- **WORK TASK**: Reproduce precisely the lines between the start of the data below and the line with "Lydia's East 아파트 Alikí", both included.

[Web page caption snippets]
%%
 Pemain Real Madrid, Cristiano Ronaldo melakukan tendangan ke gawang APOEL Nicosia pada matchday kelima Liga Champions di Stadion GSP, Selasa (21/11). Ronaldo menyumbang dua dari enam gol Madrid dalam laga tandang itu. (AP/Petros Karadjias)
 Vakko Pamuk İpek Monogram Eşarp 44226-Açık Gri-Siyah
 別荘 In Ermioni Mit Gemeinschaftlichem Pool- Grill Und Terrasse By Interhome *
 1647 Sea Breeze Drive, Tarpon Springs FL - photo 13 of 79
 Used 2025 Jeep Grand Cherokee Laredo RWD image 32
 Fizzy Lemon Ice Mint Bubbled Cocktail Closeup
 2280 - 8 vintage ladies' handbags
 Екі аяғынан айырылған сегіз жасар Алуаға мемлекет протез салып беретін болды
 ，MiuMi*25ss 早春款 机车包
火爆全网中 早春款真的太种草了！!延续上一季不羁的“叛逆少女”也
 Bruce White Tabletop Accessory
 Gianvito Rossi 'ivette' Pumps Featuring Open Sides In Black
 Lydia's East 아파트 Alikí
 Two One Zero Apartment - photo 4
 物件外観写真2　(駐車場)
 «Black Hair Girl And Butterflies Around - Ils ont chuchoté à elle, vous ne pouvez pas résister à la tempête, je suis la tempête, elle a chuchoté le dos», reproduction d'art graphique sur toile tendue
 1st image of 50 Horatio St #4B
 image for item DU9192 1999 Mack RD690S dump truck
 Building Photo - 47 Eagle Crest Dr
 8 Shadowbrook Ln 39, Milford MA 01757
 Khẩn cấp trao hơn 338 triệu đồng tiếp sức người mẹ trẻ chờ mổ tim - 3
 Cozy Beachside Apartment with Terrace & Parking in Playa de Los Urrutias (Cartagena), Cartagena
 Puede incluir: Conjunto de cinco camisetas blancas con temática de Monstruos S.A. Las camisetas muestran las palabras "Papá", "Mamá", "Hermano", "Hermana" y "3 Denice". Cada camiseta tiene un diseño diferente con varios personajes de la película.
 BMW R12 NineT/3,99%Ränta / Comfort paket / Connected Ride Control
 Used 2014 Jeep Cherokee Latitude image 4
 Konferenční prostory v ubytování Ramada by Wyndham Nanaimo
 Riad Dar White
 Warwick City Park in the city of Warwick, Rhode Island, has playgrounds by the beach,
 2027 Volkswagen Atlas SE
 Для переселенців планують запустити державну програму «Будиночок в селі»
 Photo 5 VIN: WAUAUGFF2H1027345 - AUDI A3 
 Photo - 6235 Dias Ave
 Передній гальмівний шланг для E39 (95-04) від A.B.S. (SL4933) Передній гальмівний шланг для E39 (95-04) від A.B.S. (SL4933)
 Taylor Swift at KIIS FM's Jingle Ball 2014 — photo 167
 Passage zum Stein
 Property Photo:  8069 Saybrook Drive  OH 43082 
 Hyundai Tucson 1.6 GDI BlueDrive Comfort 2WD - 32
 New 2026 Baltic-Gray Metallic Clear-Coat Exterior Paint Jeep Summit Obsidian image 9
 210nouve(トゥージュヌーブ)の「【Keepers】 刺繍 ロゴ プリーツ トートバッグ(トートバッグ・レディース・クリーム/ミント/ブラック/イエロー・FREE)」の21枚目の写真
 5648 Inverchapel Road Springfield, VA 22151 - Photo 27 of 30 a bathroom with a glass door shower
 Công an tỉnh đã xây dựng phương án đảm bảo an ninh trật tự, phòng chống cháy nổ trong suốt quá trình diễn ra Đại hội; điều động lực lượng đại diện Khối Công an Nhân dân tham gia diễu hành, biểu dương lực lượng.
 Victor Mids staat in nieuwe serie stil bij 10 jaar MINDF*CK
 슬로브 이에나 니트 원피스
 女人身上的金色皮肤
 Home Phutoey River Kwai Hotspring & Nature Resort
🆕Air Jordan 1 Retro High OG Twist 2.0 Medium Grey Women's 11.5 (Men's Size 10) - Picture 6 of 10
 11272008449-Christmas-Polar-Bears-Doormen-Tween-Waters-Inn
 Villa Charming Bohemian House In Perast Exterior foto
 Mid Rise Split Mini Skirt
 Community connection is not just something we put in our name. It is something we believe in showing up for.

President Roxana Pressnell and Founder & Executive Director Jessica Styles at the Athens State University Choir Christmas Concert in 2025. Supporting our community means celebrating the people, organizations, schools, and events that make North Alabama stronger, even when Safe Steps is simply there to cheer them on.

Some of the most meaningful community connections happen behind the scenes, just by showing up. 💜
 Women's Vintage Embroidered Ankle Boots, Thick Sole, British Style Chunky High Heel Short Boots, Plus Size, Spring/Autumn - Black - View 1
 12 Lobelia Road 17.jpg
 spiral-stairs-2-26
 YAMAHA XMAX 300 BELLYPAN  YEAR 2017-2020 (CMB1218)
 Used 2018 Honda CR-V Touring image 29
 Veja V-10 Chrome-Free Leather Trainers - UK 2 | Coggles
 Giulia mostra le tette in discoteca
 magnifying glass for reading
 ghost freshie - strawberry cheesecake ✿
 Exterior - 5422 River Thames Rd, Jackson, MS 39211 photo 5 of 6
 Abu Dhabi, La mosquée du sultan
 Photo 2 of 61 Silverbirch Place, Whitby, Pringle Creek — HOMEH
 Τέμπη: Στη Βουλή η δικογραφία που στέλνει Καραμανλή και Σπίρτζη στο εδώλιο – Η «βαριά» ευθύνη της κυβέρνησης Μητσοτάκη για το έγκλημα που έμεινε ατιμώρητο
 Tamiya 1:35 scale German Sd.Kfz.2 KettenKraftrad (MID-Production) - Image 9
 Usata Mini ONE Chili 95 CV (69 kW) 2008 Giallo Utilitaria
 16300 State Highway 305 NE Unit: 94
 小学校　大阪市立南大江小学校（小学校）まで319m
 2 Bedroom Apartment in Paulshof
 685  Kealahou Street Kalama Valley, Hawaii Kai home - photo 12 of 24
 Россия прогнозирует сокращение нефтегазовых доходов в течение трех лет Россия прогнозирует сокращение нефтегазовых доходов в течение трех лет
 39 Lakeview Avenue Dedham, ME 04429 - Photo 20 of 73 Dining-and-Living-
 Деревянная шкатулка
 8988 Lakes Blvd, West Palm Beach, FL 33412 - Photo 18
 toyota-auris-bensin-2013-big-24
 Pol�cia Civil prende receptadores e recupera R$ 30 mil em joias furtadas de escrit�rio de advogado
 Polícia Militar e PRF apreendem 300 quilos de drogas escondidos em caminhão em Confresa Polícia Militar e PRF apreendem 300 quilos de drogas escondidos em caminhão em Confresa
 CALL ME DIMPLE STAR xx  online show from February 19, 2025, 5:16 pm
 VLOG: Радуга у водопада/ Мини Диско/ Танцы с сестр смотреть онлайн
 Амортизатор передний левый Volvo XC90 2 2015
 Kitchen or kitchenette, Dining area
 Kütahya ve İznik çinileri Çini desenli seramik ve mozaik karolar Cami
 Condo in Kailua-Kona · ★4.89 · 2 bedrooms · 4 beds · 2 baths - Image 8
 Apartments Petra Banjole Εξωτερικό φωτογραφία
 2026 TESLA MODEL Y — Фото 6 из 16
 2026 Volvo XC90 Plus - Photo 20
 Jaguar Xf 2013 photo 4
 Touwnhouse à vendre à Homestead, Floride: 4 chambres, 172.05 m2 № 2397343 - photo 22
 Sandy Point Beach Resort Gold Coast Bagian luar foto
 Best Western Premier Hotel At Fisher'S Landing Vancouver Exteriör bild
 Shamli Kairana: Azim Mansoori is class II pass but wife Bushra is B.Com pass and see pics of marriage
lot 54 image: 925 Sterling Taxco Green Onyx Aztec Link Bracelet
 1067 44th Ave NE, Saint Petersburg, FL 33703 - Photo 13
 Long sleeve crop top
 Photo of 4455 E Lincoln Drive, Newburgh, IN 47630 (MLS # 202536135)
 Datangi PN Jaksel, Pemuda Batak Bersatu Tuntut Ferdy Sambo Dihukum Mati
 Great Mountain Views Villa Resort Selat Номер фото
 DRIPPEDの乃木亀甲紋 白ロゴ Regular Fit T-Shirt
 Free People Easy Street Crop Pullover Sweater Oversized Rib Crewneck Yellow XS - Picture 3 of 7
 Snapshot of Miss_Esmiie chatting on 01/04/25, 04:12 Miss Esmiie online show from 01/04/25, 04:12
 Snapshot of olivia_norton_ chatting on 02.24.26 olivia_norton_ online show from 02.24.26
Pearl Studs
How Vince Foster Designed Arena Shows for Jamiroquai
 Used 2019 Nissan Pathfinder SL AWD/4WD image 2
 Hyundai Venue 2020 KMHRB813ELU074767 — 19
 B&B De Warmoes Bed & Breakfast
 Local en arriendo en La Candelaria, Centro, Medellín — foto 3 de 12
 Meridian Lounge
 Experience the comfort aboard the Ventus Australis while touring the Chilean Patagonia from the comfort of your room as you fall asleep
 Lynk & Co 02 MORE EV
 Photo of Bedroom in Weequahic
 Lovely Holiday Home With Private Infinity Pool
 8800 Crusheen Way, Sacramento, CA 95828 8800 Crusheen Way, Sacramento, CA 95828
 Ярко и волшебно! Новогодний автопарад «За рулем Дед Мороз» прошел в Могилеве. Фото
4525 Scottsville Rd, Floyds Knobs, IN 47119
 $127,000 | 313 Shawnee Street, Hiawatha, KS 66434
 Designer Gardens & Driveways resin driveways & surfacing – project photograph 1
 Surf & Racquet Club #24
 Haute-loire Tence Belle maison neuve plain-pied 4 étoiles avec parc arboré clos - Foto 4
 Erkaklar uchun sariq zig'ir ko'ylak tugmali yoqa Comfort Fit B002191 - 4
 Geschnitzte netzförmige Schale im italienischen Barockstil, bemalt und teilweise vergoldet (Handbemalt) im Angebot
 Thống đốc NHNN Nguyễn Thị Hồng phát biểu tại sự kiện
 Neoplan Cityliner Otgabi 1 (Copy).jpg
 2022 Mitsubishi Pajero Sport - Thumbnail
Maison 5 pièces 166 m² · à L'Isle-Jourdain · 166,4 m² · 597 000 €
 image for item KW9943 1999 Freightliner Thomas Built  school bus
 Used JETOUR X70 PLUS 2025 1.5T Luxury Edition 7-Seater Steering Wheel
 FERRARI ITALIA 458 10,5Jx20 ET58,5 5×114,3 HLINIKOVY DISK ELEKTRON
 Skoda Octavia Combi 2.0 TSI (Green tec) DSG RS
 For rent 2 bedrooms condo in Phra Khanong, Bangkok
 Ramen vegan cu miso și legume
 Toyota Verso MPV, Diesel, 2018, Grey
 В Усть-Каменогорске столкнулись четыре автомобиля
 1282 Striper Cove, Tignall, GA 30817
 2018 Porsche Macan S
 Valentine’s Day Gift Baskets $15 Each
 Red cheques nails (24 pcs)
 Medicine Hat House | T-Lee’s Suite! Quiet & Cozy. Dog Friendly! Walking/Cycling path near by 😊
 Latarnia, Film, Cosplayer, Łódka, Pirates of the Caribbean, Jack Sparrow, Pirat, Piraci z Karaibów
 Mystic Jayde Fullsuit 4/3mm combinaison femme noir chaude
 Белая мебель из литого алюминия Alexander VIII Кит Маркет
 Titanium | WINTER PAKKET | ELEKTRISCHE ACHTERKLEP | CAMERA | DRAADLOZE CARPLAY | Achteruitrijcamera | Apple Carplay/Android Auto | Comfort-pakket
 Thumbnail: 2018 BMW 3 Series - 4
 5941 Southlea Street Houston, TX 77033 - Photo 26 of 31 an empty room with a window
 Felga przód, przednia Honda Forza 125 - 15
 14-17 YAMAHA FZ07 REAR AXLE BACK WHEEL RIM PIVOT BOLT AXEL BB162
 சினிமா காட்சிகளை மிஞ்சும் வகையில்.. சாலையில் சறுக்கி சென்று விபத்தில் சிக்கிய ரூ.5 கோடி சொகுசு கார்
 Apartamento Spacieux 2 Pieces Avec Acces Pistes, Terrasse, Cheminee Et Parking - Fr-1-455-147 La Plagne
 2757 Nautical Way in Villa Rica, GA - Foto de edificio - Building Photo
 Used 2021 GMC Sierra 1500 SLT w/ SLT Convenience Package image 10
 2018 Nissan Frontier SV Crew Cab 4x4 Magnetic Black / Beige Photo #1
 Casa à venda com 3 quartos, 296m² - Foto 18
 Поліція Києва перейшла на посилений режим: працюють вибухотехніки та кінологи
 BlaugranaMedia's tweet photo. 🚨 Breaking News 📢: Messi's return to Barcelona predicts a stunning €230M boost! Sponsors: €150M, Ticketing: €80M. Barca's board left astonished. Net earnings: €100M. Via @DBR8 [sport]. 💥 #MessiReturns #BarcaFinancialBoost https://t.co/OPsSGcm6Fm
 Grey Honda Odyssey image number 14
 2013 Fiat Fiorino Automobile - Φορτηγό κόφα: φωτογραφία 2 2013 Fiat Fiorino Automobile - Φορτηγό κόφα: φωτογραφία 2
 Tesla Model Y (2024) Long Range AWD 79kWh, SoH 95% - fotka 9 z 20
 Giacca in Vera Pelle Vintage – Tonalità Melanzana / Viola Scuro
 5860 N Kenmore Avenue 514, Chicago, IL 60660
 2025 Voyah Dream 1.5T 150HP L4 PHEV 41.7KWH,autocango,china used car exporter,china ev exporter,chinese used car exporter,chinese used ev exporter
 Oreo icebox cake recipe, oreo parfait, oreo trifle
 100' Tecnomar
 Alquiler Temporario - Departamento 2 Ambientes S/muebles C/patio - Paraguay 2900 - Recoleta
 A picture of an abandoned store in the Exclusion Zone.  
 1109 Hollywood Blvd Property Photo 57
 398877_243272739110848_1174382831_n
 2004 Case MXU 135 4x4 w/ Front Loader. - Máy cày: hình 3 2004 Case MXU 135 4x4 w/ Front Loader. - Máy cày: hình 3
%%
- **TASK SOLUTION**:
 Pemain Real Madrid, Cristiano Ronaldo melakukan tendangan ke gawang APOEL Nicosia pada matchday kelima Liga Champions di Stadion GSP, Selasa (21/11). Ronaldo menyumbang dua dari enam gol Madrid dalam laga tandang itu. (AP/Petros Karadjias)
 Vakko Pamuk İpek Monogram Eşarp 44226-Açık Gri-Siyah
 別荘 In Ermioni Mit Gemeinschaftlichem Pool- Grill Und Terrasse By Interhome *
 1647 Sea Breeze Drive, Tarpon Springs FL - photo 13 of 79
 Used 2025 Jeep Grand Cherokee Laredo RWD image 32
 Fizzy Lemon Ice Mint Bubbled Cocktail Closeup
 2280 - 8 vintage ladies' handbags
 Екі аяғынан айырылған сегіз жасар Алуаға мемлекет протез салып беретін болды
 ，MiuMi*25ss 早春款 机车包
火爆全网中 早春款真的太种草了！!延续上一季不羁的“叛逆少女”也
 Bruce White Tabletop Accessory
 Gianvito Rossi 'ivette' Pumps Featuring Open Sides In Black
 Lydia's East 아파트 Alikí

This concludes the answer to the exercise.